Hier möchte ich gleich vorwegschicken, daß eine Überwinterung in unseren Teichen und Gewässern sowie im Freien aufgestellten Aquarien oder nicht wärmeisolierten  Dachböden völlig indiskutabel ist. Ein Aquarium im Freiland friert zu schnell ein und würde durch die Eisbildung ohnehin zerstört werden. Wenn Wasser zu Eis gefriert, dehnt es sich aus, was zum Reissen oder Springen der Glasscheiben führt. Dieses Phänomen kann mit einem Eiswürfelbehälter im Gefrierfach oder in der Tiefkühltruhe nachgestellt werden: das Volumen eines Eiswürfels ist grösser als die Menge Wasser, die man eingefüllt hat. Die ganzjährige Teichhaltung ist deswegen abzulehnen, da viele Tiere - falls sie unseren Winter überhaupt überleben - bereits im Februar durch die ersten warmen Sonnenstrahlen "geweckt" werden und langsam an die Oberfläche kommen. Ein erneuter Frost sorgt dann für den sicheren Tod der Tiere. Bei einer Überwinterung auf dem Dachboden ist die Gefahr, daß es tagsüber durch die Sonne zu warm wird, zu groß. Oft reichen nur wenige Grad Temperaturunterschied, damit die Kröten Aktivitäten entwickeln. Durch das ständige Aufwärmen und Abkühlen bricht irgendwann der Kreislauf und die Funktion der Körperorgane zusammen.

 

Überwinterung nach Freilandhaltung:

Am Einfachsten ist die Durchführung einer Überwinterung, wenn die Tiere den Sommer über im Freiland leben. In temperaturbegünstigten Regionen  läßt man sie einfach solange im Teich, bis sie von selbst in eine Starre fallen und überführt sie dann direkt in ihr Überwinterungsquartier. Dieses kann ein kalter Keller oder ein Kühlschrank sein. Auch hier gilt wie bei den Landschildkröten, daß es der Schildkröte völlig egal ist, wo es kalt ist, hauptsache es ist konstant kalt genug. Da es nicht in allen Regionen gleich warm ist, muß man ggf. mit Heizmaßnahmen in Form von Frühbeet oder Gewächshaus mit Strahlungswärme gegensteuern. Wichtig sind ebenfalls Ausstiegshilfen wie Teichmatten, Kokosmatten, Jutesäcke, etc., da die Tiere durch das zunehmend kältere Wasser in ihrem Bewegungsablauf geschwächt werden und nicht die Kraft wie im Sommer haben. Sollten diese Möglichkeiten nicht realisierbar sein, müssen die Tiere rechzeitig vor Kälteeinbruch hereingeholt werden, dann ist so zu verfahren, wie es im nächsten Abschnitt beschrieben ist.

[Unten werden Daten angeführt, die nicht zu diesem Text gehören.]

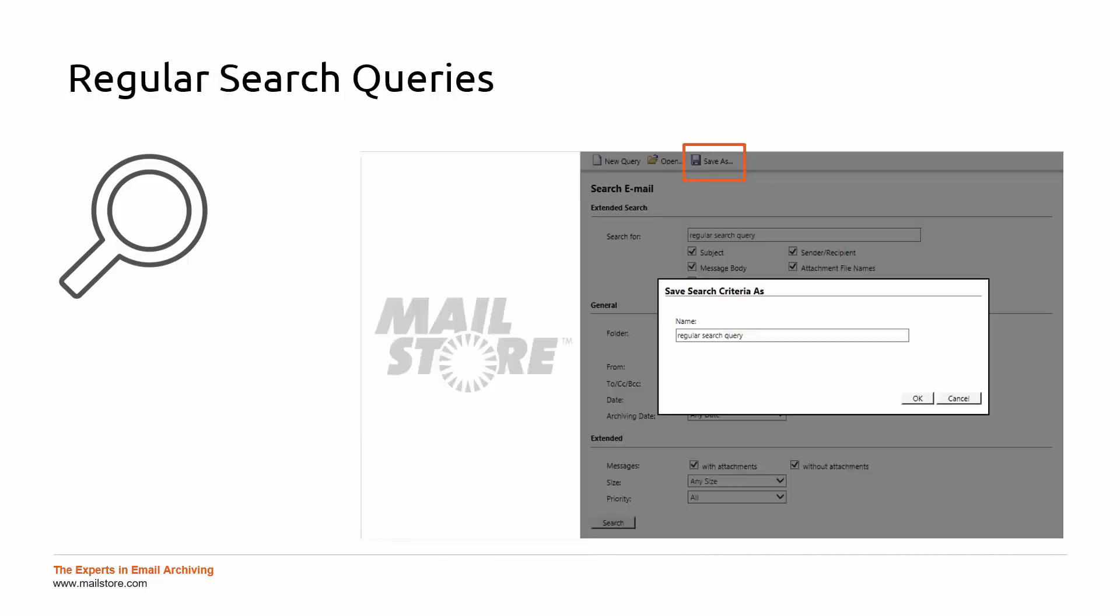In order to obtain results that are as precise as possible, you can filter a search according to certain elements within your emails. You choose the archive you want to use for your search via the button on the right-hand side.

Überwinterung bei ganzjähriger Haltung im Vivarium / Aquaterrarium:

Hier schaltet man die Heizung ab und senkt langsam die Beleuchtungsdauer, passt sie am besten unserer Helligkeitsdauer an. Wenn möglich, dann stellt man ein Aquarium in einen ungeheizten Raum, damit sich die Tiere besser auf die kühlere Temperatur einstellen. Sollte der Keller nicht kalt genug sein, bleibt nur das kontrollierte! Rausstellen auf Balkon / Terrasse / Garage in einer ausbruchssicheren Box. Die Box wird nur so gering mit Wasser gefüllt, dass sich das Tier komplett im Wasser befindet, jedoch bequem Luftholen kann. Eine weitere Möglichkeit ist die "trockene" Einwinterung, wie sie häufig bei Moschusschildkröten angewandt wird. Hierzu wird die Box nicht mit Wasser sondern mit Substrat gefüllt.  Das Substrat kann ein Rindenmulch-Erde-Gemisch, Erde-Sand-Gemisch oder Kokosfaser sein sowie Sphagnum-Moos, wenn man welches bekommen kann. Auf jeden Fall muß es gut feucht gehalten werden.. Wenn die Temperatur der im Kühlschrank nahekommt, kann der Behälter mit Tier in den Kühlschrank überführt werden.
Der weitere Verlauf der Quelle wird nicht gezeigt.